Spontaneous resolution of advanced peri-implantitis

Abstract

Background: Peri-implantitis is a serious complication for both patients and clinicians. Affected implants typically show extensive bone loss in radiographs, are difficult to manage and usually lead to implant loss leaving significant alveolar bone defects.

Methods: In 2009 the patient reported here received two endosseous implants to replace his mandibular left second bicuspid and first molar teeth. After restoration by his general dentist, he did not appear again until 2014 at which time the first molar implant showed what appeared to be advanced bone loss extending almost to the implant apex. As the implant was asymptomatic, the patient declined treatment, preferring to wait until the implant became mobile but agreed to return in one year for follow-up. No documented treatment was provided by his restorative dentist.

Results: When the patient returned one year later, a radiograph showed a marked reduction in the peri-implant radiolucency which had resolved completely after a further year.

Conclusions: Peri-implant radiolucencies are not always indicative of impending implant failure, meaning that it is wise to investigate existing risk factors such as occlusal trauma and their resolution before settling on a diagnosis of peri-implantitis.

Dental implant replacement of missing or condemned teeth has become common treatment in both specialty and general dental practices. Planned and done properly, outcomes are generally successful in restoring function and fulfilling patient expectations.^{1, 2} Over the long-term however, implants can result in complications and failures as they are not as easy to maintain as teeth,³ even in the same mouths.

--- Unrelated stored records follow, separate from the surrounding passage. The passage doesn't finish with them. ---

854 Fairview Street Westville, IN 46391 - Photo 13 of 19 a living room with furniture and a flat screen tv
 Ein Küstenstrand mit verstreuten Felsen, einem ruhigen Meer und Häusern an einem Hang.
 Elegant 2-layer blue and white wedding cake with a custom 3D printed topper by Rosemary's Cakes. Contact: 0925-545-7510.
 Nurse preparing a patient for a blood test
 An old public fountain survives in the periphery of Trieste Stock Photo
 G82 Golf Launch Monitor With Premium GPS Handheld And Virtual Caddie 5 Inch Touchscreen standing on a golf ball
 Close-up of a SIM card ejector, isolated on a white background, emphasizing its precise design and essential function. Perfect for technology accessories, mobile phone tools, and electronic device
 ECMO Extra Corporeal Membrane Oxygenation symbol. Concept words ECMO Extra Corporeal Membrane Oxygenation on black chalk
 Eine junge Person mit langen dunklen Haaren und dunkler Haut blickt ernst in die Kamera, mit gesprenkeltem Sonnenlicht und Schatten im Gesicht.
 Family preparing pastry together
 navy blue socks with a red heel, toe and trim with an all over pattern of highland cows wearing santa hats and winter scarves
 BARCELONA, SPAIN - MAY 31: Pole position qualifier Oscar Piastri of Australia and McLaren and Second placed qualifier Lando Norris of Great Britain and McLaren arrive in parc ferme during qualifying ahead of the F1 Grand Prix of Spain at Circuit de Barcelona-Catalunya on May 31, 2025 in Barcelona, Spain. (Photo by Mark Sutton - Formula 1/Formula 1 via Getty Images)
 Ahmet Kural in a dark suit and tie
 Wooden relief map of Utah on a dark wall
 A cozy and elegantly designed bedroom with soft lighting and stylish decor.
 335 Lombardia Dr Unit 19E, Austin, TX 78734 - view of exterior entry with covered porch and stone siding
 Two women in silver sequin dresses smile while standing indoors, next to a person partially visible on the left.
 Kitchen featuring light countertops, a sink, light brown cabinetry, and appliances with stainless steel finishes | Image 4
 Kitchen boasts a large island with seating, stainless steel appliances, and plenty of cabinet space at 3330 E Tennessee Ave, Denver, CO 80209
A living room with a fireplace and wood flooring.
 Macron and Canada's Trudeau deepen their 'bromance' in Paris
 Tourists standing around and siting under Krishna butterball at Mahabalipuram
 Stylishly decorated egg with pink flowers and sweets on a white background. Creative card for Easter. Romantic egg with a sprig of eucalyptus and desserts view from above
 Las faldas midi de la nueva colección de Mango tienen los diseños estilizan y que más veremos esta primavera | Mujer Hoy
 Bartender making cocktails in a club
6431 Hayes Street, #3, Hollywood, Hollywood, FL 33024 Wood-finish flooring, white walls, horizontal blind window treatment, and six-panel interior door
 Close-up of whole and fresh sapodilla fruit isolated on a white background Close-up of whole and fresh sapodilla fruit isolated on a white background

The most serious complication of integrated implants is peri-implantitis, which usually presents as bleeding and/or suppuration on gentle probing, probing pocket depths of ≥ 6 mm, and crestal bone loss ≥ 3mm.⁴ It can be linked to a variety of factors including improper patient selection and/or operator errors in surgical and/or prosthetic management. Once peri-implantitis is established, it becomes a site of chronic inflammation and infection with progressive loss of supporting bone. Unfortunately, it is very difficult, indeed often impossible to treat successfully^{5, 6} in the end requiring implant removal and extensive, costly remedial treatment. This makes the case to be presented here interesting but difficult to explain since an apparent advanced peri-implantitis lesion apparently resolved spontaneously without treatment.

Clinical case

The patient was a 59-year-old gentleman who was a non-smoker with no medical issues contraindicating dental implant placement. In July 2009, he attended the office of an oral and maxillofacial surgeon (RL) and received two standard Straumann tissue level implants to replace his mandibular left second bicuspid and first molar teeth. The opposing arch had a fixed, tooth-supported bridge replacing the first molar. The bicuspid implant was a regular diameter, 10mm-long one, while the molar implant was 4.8 by 8mm-long (Fig. 1). The patient subsequently returned to his general practitioner for restoration with two separate crowns in late 2009 and wasn’t seen again until July 2014, at which time the molar implant showed an apparent, extensive peri-implantitis lesion extending almost to the implant apex. No implant mobility was detected but the patient was advised to have the implant removed. However, since it was not causing him any discomfort, he opted to let things progress until the implant became mobile. He was advised to return if mobility and/or pain developed, but in any event to return in one year’s time for follow-up. The patient did return as requested on May 15, 2015. A new radiograph was taken at that time and showed that the lesion appeared to be healing without any documented remedial treatment by his dentist (Fig. 3). A further follow-up in November 2016 showed even more bony healing in a radiograph (Fig. 4A) and clinically healthy soft tissues (Fig. 4B) with minimal probing depths and without associated bleeding upon probing.

Fig. 1

Fig. 2

Fig. 3

Fig. 4A

Fig. 4B

Discussion

Numerous predisposing factors have been implicated in the onset of peri-implantitis. While peri-implant mucositis often can be managed with things as simple as improved homecare, peri-implantitis is far more serious, often requiring implant removal. How is it possible then that the apparent peri-implantitis affecting the implant in the present report resolved without professional intervention?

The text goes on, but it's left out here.